I became interested in increasing the complexity of the system by separating inference, orchestration, and user interaction across multiple machines. Messaging platforms such as Telegram provided an appealing direction: they act as lightweight frontends, expose well-documented APIs, and integrate naturally into everyday communication. Integrating Telegram was therefore both a technical challenge and a practical experiment in building a system that could operate within a real-world messaging ecosystem rather than a controlled browser environment.

Another motivation was cross-platform coordination. The system now spans Android, Linux, and Windows environments, requiring consistent communication between heterogeneous systems and reinforcing the importance of clearly defined APIs, schemas, and deployment boundaries.

Telegram bot onboarding prompt requesting a demo access code. — Initial interaction with the Telegram interface.
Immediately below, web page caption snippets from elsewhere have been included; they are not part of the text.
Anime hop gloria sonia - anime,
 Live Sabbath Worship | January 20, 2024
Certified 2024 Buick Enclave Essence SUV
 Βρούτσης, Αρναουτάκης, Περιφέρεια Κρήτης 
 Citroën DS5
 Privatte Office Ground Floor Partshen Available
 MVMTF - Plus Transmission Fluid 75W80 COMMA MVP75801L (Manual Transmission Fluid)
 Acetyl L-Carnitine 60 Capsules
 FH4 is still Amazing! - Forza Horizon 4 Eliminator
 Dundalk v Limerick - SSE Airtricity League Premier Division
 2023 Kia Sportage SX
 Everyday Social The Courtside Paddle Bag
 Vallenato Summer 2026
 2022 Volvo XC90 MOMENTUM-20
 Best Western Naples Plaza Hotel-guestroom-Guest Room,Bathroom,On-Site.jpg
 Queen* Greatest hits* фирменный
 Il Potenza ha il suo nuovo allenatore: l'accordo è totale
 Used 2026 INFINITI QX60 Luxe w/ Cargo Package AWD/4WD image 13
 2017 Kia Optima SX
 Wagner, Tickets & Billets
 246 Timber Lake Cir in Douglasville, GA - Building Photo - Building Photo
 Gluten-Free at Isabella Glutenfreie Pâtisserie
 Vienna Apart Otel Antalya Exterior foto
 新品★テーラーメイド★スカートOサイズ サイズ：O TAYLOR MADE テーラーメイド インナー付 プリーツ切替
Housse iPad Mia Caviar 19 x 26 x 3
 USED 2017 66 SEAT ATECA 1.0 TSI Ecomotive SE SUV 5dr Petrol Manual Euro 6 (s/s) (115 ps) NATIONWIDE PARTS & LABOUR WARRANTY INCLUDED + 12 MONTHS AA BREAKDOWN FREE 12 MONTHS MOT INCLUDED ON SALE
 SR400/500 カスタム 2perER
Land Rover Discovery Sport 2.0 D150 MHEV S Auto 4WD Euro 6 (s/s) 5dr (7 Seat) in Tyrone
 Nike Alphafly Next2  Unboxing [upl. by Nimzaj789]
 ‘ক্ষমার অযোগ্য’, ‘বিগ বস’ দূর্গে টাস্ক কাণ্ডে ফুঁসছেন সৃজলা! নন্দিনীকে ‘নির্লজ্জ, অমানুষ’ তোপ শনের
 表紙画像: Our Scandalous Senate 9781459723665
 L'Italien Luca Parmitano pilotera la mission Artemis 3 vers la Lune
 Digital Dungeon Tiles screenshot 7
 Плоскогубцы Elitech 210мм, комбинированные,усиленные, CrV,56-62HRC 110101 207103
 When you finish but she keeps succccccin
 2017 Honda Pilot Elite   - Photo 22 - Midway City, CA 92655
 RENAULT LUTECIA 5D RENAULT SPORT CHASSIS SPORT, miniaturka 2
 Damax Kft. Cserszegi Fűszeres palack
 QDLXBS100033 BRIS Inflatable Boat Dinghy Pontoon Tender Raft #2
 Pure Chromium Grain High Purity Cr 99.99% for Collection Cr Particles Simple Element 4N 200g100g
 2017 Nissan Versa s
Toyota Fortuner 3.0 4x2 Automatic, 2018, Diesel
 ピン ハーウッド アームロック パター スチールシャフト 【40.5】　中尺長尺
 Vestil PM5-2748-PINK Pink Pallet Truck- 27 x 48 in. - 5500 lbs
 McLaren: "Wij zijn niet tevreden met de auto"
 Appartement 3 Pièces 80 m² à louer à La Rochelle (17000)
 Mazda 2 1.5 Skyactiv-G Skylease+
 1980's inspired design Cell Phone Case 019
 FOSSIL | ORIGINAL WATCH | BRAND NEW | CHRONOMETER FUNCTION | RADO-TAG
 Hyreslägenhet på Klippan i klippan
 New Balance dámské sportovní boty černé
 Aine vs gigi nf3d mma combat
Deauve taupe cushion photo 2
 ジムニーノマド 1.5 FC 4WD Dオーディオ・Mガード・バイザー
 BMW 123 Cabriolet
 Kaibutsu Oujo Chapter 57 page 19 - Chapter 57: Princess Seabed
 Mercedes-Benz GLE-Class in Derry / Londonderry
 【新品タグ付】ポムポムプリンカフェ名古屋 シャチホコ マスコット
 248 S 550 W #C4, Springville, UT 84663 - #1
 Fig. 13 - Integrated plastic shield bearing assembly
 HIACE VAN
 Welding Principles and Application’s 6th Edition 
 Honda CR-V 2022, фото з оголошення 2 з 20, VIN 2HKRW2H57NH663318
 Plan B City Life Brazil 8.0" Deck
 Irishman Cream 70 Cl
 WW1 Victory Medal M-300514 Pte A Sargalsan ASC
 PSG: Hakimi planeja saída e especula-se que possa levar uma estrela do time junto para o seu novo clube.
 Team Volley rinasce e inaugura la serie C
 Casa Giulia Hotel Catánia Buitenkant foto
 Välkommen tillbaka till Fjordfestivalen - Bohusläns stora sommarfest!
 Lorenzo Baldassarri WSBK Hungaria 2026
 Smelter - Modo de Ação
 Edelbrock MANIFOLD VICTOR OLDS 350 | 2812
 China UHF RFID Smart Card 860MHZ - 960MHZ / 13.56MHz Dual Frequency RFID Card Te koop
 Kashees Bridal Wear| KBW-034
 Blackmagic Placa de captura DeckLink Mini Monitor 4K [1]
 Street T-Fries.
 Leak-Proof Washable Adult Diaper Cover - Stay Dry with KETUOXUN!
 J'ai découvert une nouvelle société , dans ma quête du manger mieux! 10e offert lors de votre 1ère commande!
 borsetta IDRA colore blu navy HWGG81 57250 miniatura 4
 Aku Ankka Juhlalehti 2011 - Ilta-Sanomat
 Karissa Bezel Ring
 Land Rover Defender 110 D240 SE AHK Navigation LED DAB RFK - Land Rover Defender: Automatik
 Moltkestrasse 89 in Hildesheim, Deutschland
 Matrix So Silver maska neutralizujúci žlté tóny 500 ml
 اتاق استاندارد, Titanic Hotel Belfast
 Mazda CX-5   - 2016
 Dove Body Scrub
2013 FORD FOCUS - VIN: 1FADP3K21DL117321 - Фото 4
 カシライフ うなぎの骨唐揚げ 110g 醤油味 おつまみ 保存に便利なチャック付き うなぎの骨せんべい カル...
The bot requests a valid demo access code before allowing conversation. This demonstrates the access-control layer and shows how Telegram functions as a lightweight frontend to the distributed system.

Telegram bot conversation after a demo code is entered and access is granted. — Initial interaction with the Telegram interface. The bot requests a valid demo access code before allowing conversation. This demonstrates the access-control layer and shows how Telegram functions as a lightweight frontend to the distributed system.

02 — System Architecture

The platform is structured as a multi-node system with clearly separated responsibilities. A Telegram bot running on an Android device (Pixel 7, via Termux) acts as the user-facing interface. Messages are forwarded to a central orchestration server ("brain node," as I refer to it), which validates requests, manages conversation context, and routes inference requests to a dedicated AI node. Responses return through the same path to the Telegram client.

Communication between nodes is implemented using asynchronous FastAPI services over HTTP with JSON payloads. The orchestration layer acts as a controlled boundary, ensuring that all requests pass through validation, readiness checks, and routing logic before reaching the inference service.

Services are containerised using Docker and exposed through an NGINX reverse proxy, simplifying deployment and isolation across machines. Monitoring and readiness checks are integrated with Uptime Kuma, allowing model availability and service health to be observed without manual inspection.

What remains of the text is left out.